§ WHAT YOU HAVE TO DO: In the reply, give back exactly the lines from the one with "this 940×788 image." through the last line of the records, without pictures.

§ INPUT DATA:

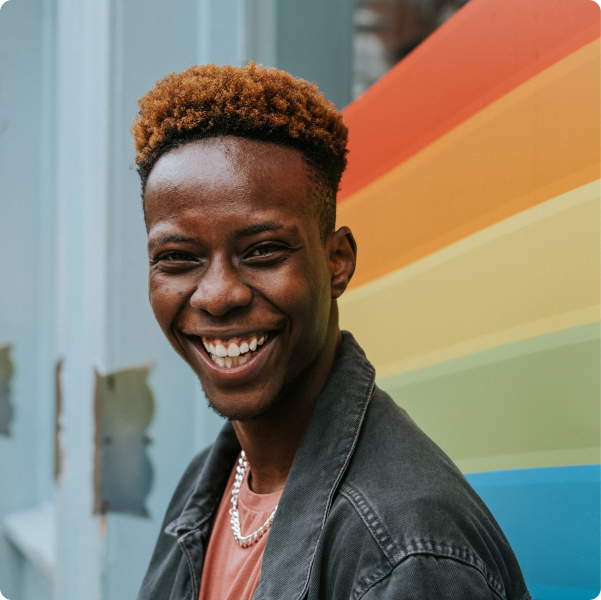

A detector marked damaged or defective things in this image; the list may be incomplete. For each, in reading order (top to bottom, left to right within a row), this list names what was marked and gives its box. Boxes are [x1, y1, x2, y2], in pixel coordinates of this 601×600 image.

peeling paint [92, 364, 155, 516]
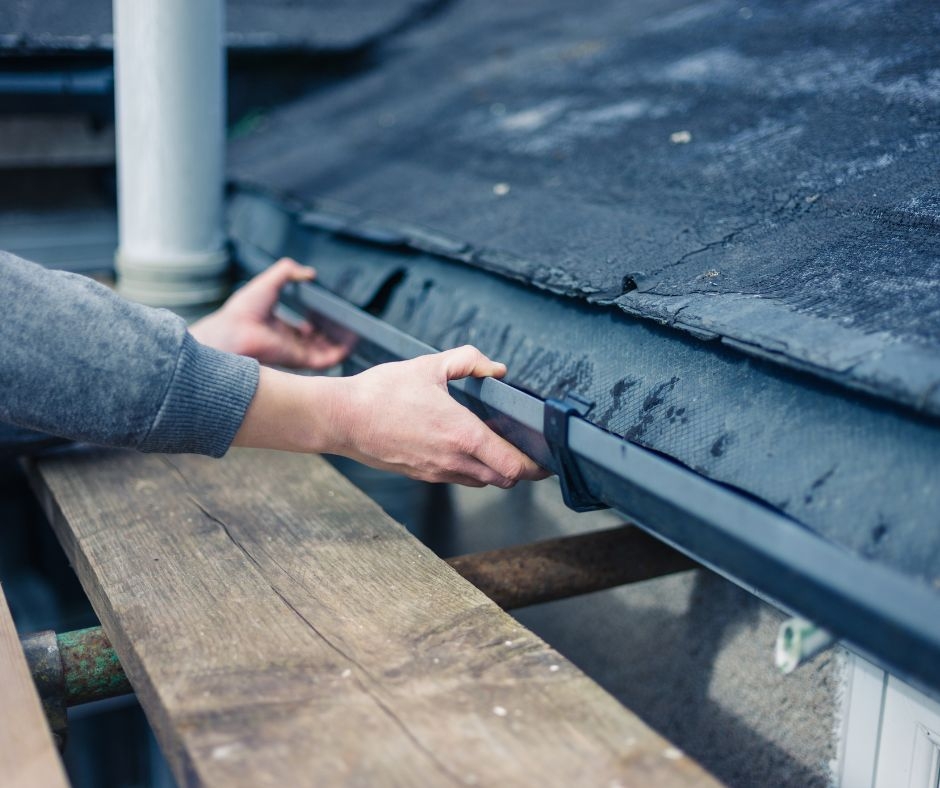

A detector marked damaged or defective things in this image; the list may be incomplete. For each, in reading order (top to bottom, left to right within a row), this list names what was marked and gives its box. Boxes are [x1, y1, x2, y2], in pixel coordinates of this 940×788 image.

torn roofing felt [0, 0, 444, 54]
torn roofing felt [228, 0, 940, 418]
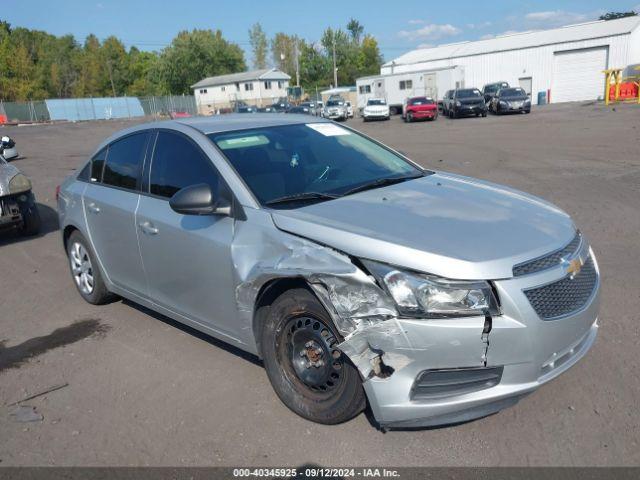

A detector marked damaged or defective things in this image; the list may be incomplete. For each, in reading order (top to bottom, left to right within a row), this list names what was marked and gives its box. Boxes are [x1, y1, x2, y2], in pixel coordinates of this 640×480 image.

damaged dark car [56, 117, 600, 432]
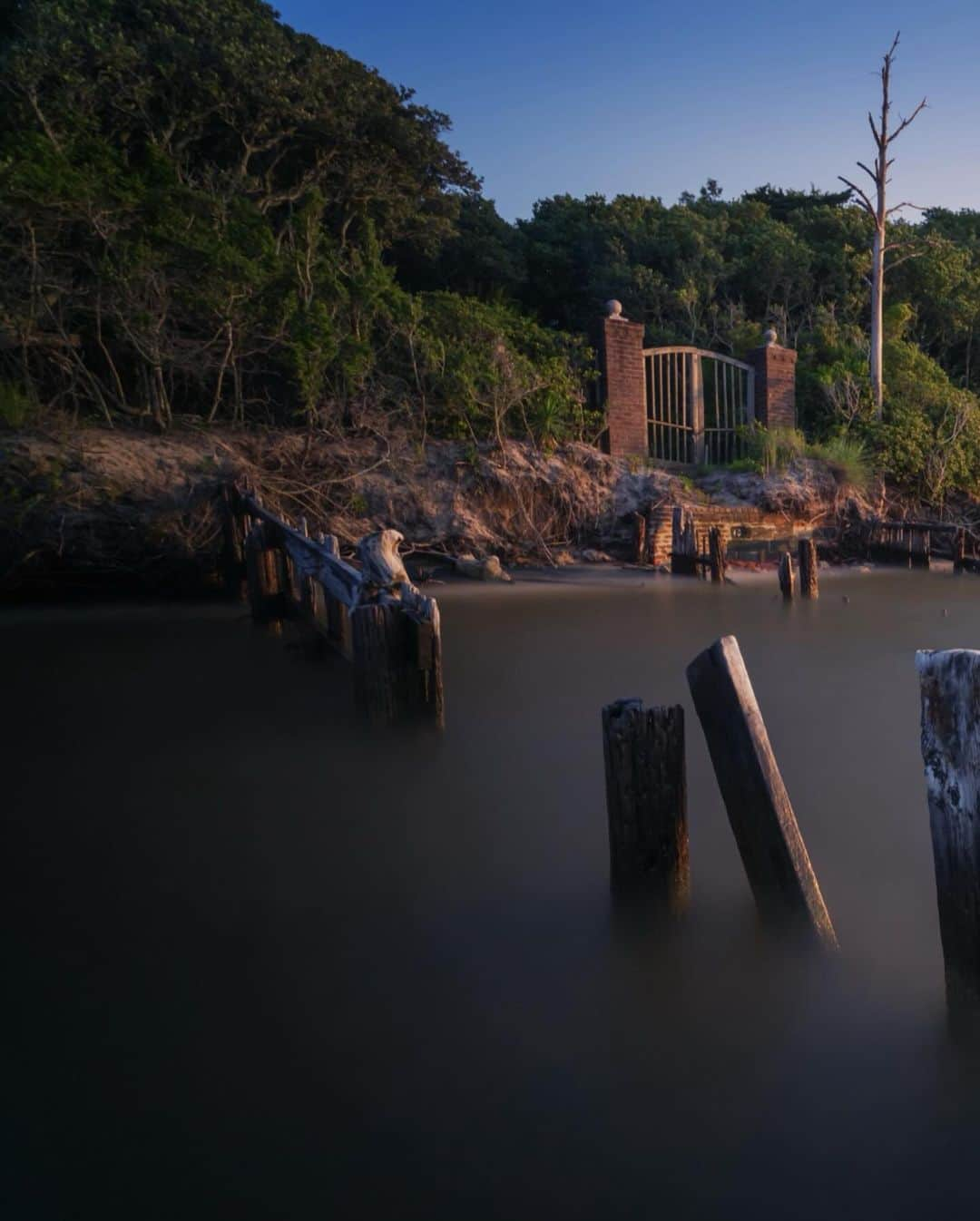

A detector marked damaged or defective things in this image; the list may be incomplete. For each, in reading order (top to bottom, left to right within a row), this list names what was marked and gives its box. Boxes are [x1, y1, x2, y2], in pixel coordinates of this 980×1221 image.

rusted gate [640, 347, 757, 464]
broken wooden railing [220, 484, 442, 722]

§ ANSWER TO THE EXERCISE:
A detector marked damaged or defective things in this image; the list may be incomplete. For each, in reading order (top to bottom, left to right within a row), this list names what was marked and gives its box. Boxes are [x1, y1, x2, y2], in pixel coordinates of this 940×788 image.

torn roofing felt [0, 0, 444, 54]
torn roofing felt [228, 0, 940, 418]

A detector marked damaged or defective things in this image; the list may be incomplete. For each, in reading order (top to bottom, left to right within a row), this list names what was marked and gives its box. Boxes are [x1, y1, x2, y2], in pixel coordinates of this 640×480 image.

damaged dark car [56, 117, 600, 432]

A detector marked damaged or defective things in this image; the list may be incomplete. For each, in reading order (top to bottom, left to right within a row), this list names what was marked and gives its box. Boxes are [x1, y1, x2, y2], in pixel coordinates of this 980×1221 image.

rusted gate [640, 347, 757, 464]
broken wooden railing [220, 484, 442, 722]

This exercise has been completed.